Work order
Reproduce the records exactly, but not the pictures.

(Scraped caption text data)

- - - - -

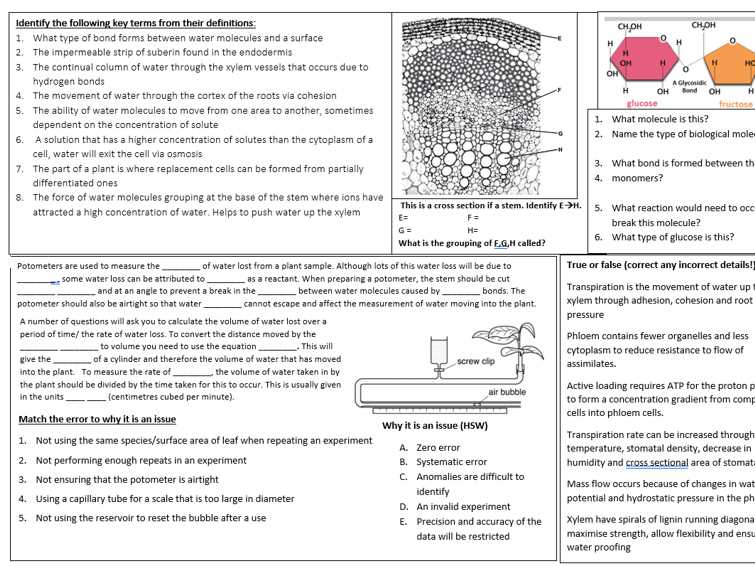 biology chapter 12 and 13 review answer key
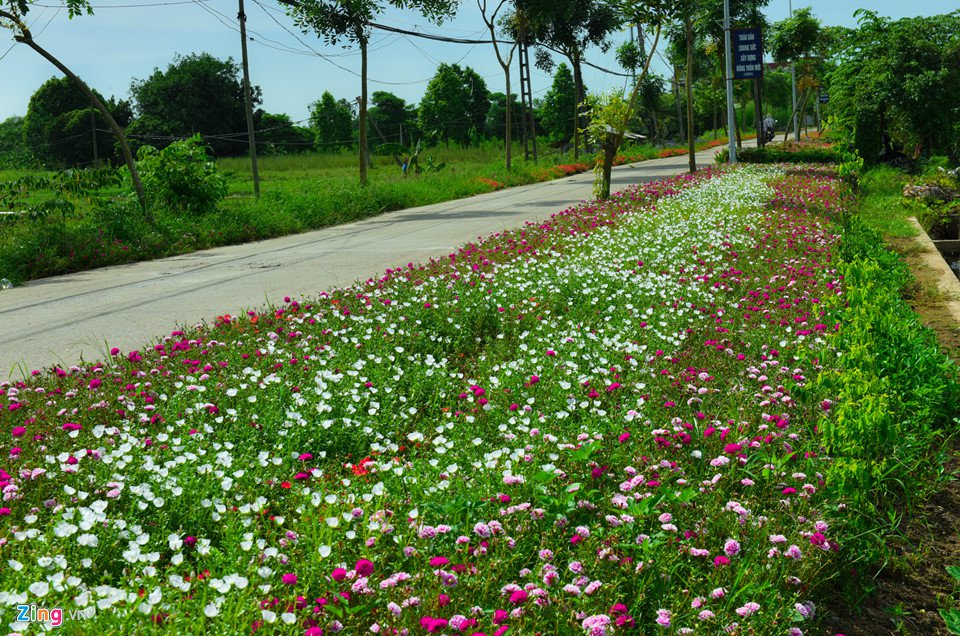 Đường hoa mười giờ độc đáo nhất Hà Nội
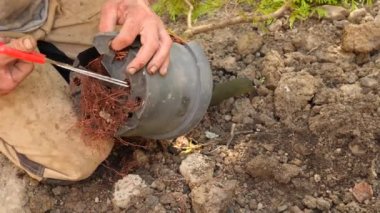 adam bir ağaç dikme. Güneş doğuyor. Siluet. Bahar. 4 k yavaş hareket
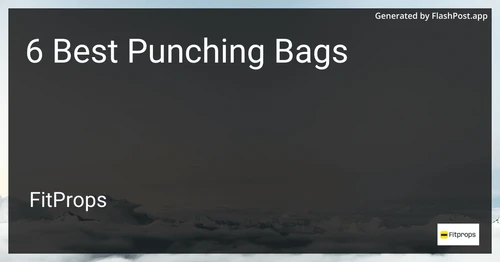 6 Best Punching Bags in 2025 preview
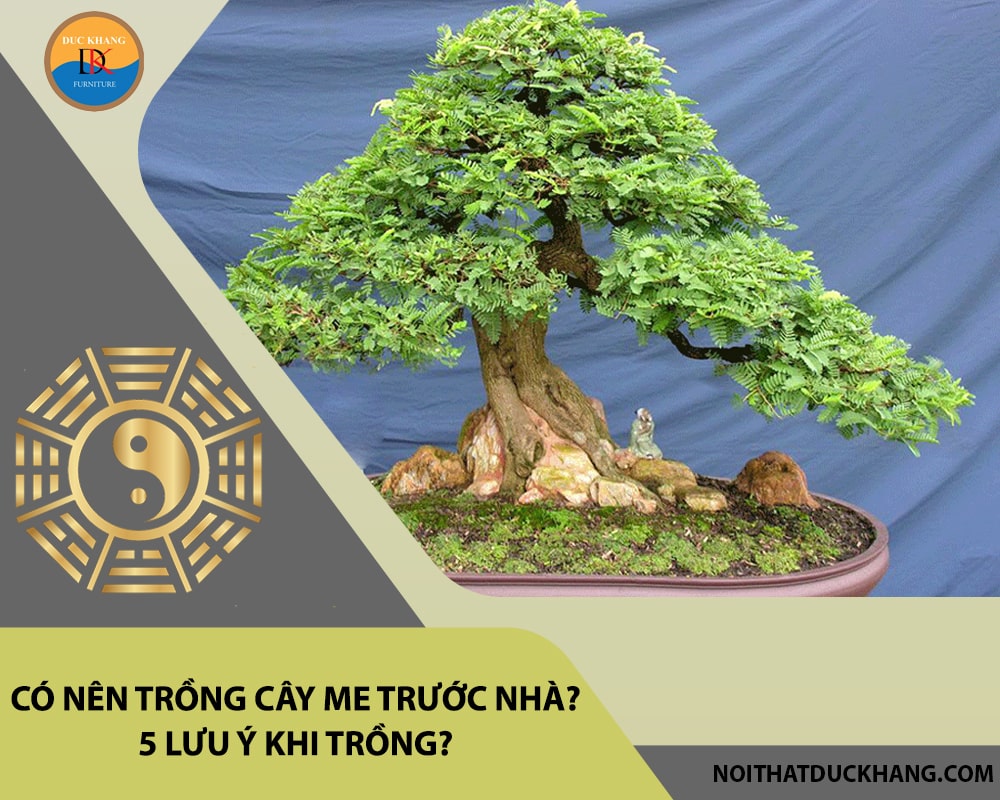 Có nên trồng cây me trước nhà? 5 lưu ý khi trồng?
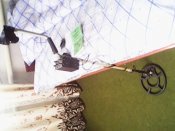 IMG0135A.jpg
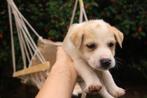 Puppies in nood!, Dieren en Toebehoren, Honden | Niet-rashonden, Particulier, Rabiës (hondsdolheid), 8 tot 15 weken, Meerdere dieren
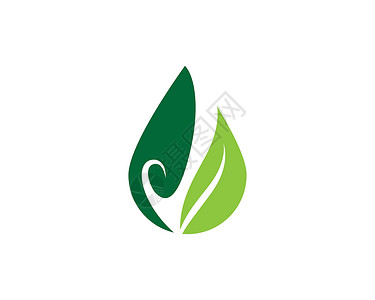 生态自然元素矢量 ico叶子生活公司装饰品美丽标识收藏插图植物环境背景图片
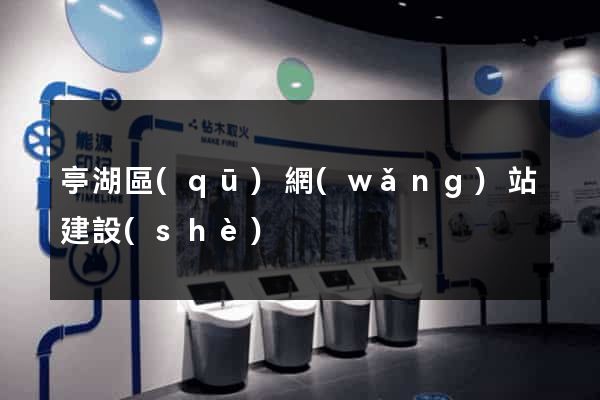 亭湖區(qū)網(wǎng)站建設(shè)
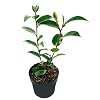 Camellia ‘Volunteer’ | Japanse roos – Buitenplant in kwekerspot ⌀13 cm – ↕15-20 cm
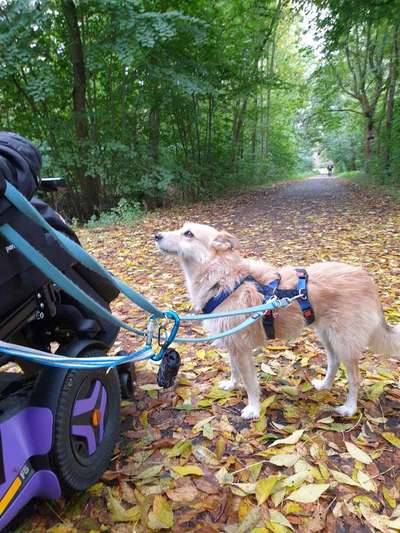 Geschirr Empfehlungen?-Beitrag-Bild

- - - - -

Response to this task
 biology chapter 12 and 13 review answer key
 Đường hoa mười giờ độc đáo nhất Hà Nội
 adam bir ağaç dikme. Güneş doğuyor. Siluet. Bahar. 4 k yavaş hareket
 6 Best Punching Bags in 2025 preview
 Có nên trồng cây me trước nhà? 5 lưu ý khi trồng?
 IMG0135A.jpg
 Puppies in nood!, Dieren en Toebehoren, Honden | Niet-rashonden, Particulier, Rabiës (hondsdolheid), 8 tot 15 weken, Meerdere dieren
 生态自然元素矢量 ico叶子生活公司装饰品美丽标识收藏插图植物环境背景图片
 亭湖區(qū)網(wǎng)站建設(shè)
 Camellia ‘Volunteer’ | Japanse roos – Buitenplant in kwekerspot ⌀13 cm – ↕15-20 cm
 Geschirr Empfehlungen?-Beitrag-Bild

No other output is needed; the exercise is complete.